Raw data:
----

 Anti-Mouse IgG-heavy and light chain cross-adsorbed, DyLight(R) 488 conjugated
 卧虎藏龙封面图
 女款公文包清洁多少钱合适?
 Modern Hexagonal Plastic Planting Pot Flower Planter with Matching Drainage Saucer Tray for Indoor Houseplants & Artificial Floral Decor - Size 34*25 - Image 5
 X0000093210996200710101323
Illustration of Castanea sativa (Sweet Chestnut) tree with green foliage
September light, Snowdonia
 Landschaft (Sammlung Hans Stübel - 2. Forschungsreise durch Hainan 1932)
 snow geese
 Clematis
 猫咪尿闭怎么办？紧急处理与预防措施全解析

----

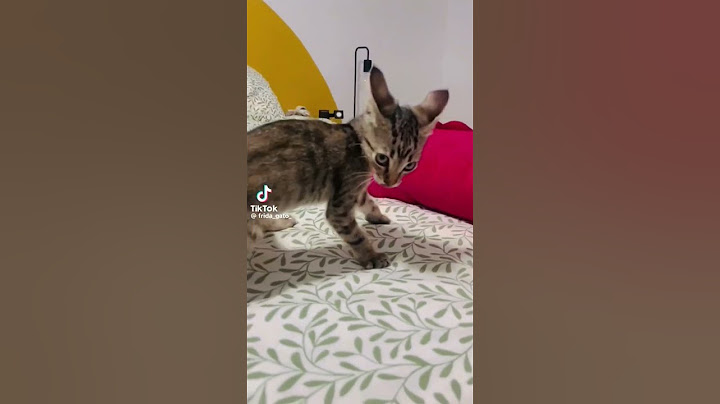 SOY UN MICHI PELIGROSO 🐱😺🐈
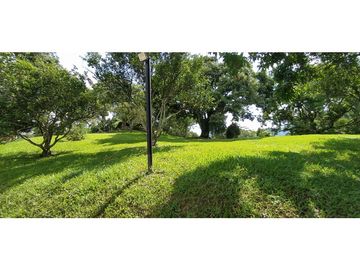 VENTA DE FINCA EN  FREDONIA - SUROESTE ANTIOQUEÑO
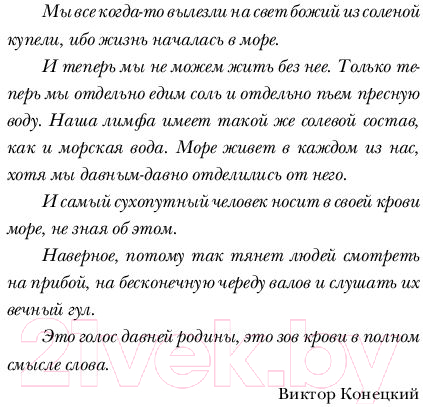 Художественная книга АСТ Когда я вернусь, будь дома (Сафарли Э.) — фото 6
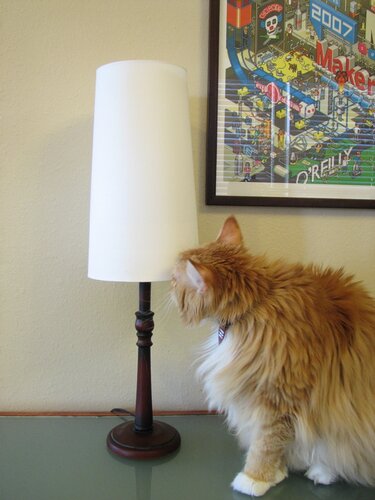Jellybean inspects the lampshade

----

Your task: From the entries above, restate word for word the lines from the line containing "September light, Snowdonia" to the line containing "猫咪尿闭怎么办？紧急处理与预防措施全解析", both ends included, and nothing more.

Expected answer:
September light, Snowdonia
 Landschaft (Sammlung Hans Stübel - 2. Forschungsreise durch Hainan 1932)
 snow geese
 Clematis
 猫咪尿闭怎么办？紧急处理与预防措施全解析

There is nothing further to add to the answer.